Step 2: a set of core points is initialized.
Step 3: setting a reviewer suspicion score threshold eta and a similarity threshold epsilon between reviewers, and finding out all core points. Wherein, the setting range of eta is selected 0.7,0.8,0.9, the setting range of epsilon is selected 0.7,0.8,0.9, and the total of 9 experimental results are arranged and combined.
Step 4: and taking any core point as a starting point, finding out samples with reachable densities to generate a cluster until all the core points are accessed.
Step 5: and outputting a cluster division result. The clustering cluster number is equal to the number of the collusion groups, and according to the experimental result, as the suspicion score threshold of the reviewer and the similarity threshold between the reviewers are larger and larger, the number of the collusion groups is smaller and smaller, wherein when eta and epsilon are both 0.7, the experimental result is 177, and 177 collusion groups are indicated; when η and ε are both 0.9, the experimental result was shown to be 24, indicating that there were 24 collusion groups.
Step 6: the invention uses the improved S-DBSCAN algorithm to cluster, and uses the contour coefficient to evaluate the clustering effect, the contour coefficient can be simply understood as the similarity degree of one node and the cluster to which the node belongs compared with other clusters, the value of the node is between [ -1,1], and the larger value indicates the better clustering effect. The profile factor in the experiment increases gradually with e from an initial 0.283 to 0.763. In the traditional DBSCAN algorithm, different MinPts and Eps parameters are used for clustering, the contour coefficient of the algorithm is 0.453 at most, and the clustering effect of the algorithm is obviously lower than that of the S-DBSCAN algorithm.
Specifically, the transformation of the MinPts parameter is as follows. The present invention uses reviewer suspicion score RSS instead of the MinPts parameter. The calculation steps are as follows:
step A1: determining reviewer score SR i
The difference between the score of a reviewer for an application and the average score of the application is referred to as the score bias, defined as: the number of reviewers ' all-positive reviews compared to the number of reviewers ' all-reviews is referred to as the reviewer's positive review ratio, defined as: />The number of non-duplicate reviews posted by reviewer i is defined as: nd i Comment burst frequency is defined as: />Judging whether a reviewer i issues repeated reviews is called issuing repeated reviews, and is defined as: dup (dup) i If the reviewer i issues repeated comments, the dup is generated i The value is set to 1, otherwise to 0.
Finally, all the indexes are added up to obtain the suspicion score SR of the reviewer i i The formula:
step A2: determining comment suspicion score SS j
A near duplicate comment is called a suspicion comment; calculating suspicion score SS of comments using cosine similarity j :SS j =max i≠j Cosine′(review j ,review i ) And satisfies the presence of application k such that (j, k), (i, k) ∈E; where E is an edge in the comment graph, cosine' is a linear scaled version of the Cosine function, limiting the value of the Cosine function to [0,1]In (a) and (b);
step A3: determining an application suspicion score SA k
The score obtained by a suspected application over a period of time is known as the explosive high score, defined as:wherein nd k For all non-duplicate comment numbers of application k, n k Number of all comments for application k; the shortest top scoring time interval is defined as: sap (sap) k The calculation is as follows: />
Therefore, the suspicion score SA of the application k is obtained k The calculation formula is as follows:
step A4: determining reviewer suspicion score RSS
The reviewer suspicion score is determined by reviewer score SR i Comment suspicion score SS j Applying suspicion score SA k The calculation formula is determined as follows:
specifically, the conversion of the Eps parameter is as follows.
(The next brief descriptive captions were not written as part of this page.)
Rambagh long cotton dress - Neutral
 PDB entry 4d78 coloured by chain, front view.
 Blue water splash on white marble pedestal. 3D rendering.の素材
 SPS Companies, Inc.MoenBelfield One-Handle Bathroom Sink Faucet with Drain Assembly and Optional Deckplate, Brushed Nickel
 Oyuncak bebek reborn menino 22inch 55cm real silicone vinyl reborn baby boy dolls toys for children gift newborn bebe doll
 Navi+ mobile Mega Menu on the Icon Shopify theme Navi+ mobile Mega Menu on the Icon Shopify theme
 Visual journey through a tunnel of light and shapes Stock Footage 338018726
The invention uses the similarity SC between two reviewers x and y (x,y) Instead of the Eps parameter. The calculation steps are as follows:
step B1: calculating application similarity S car(x,y)
Jaccard similarity is used to measure the similarity of application sets reviewed by two reviewers. Definition of the definitionWherein M is i Application set reviewed for reviewer i, +.>An nth application reviewed for reviewer i. Thus, judging the similarity between the application sets reviewed by reviewer x and reviewer y can be expressed as:
step B2: calculating comment similarity S crr(x,y)
The sum of the number of applications of two reviewer reviews for the same developer divided by the sum of the number of all reviews for each reviewer is defined as review similarity. Define the set of developers of an application reviewed by a reviewer as B, P n∈B,i Representing the set of applications reviewed by reviewer i for developer b, P i Representing all applications that reviewer i has reviewed. The specific calculation formula of comment similarity of the reviewer x and the reviewer y is obtained as follows:
step B3: calculating scoring similarity S card(x,y)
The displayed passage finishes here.